In https://groups.google.com/u/1/g/tlaplus/c/jnlmYhh4jmo/m/HTGFDZimCAAJ, when asked about a generic hash function in TLA, Ron Pressler wrote:

> Unless what you're specifying is at the level of the hash function itself, you might be 
> thinking about this at too-low a level. If the algorithm you're specifying should work with 
> any hash function, make that a part of your specification: ∃ hash ∈ [Source → Bits].... If 
> there are other requirements on the hash, add them to the quantifier. 

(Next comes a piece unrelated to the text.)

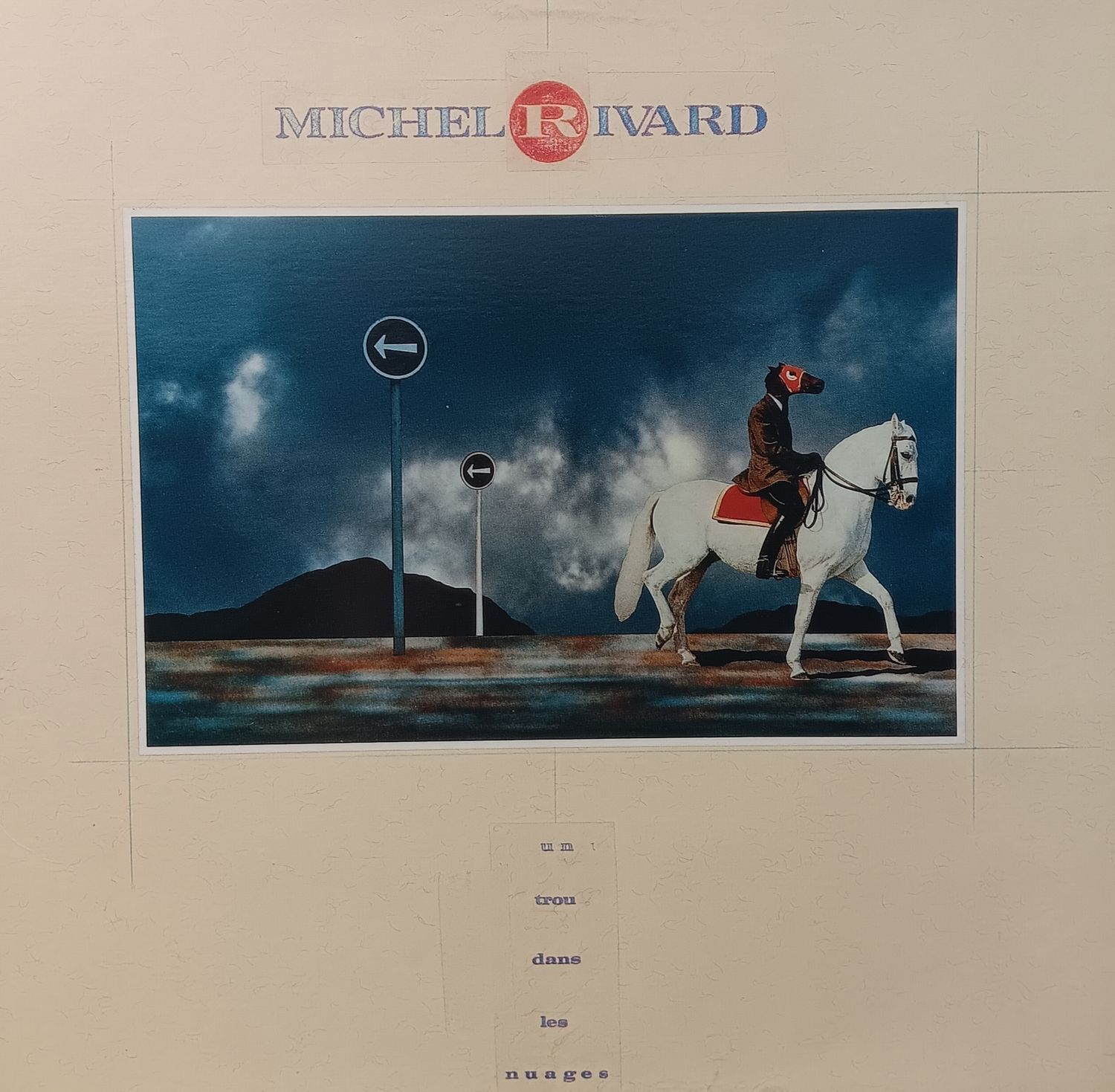 MICHEL RIVARD - Un trou dans les nuages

Which is a lovely high-level way to specify that such a function exists.  I'm facing something similar in a toy spec I'm trying to write for a transpiler, where I can say there exists such a function mapping instructions on architecture A to those on Architecture B, something like ∃ TranslateFn ∈ [INSTRUCTIONS_A → INSTRUCTIONS_B].  Good so far.

I'd like to use that function in a TLC model, but just using the existential quantifier doesn't expose TranslateFn.  So the next thing that looks right is TranslateFn == CHOOSE f  ∈ [INSTRUCTIONS_A → INSTRUCTIONS_B] : TRUE , because I don't care what that function is, just that there is one and that I can use it.

But won't that ask TLC to (senselessly?) explore the whole space of possible mapping functions?  If so, is there a way around that?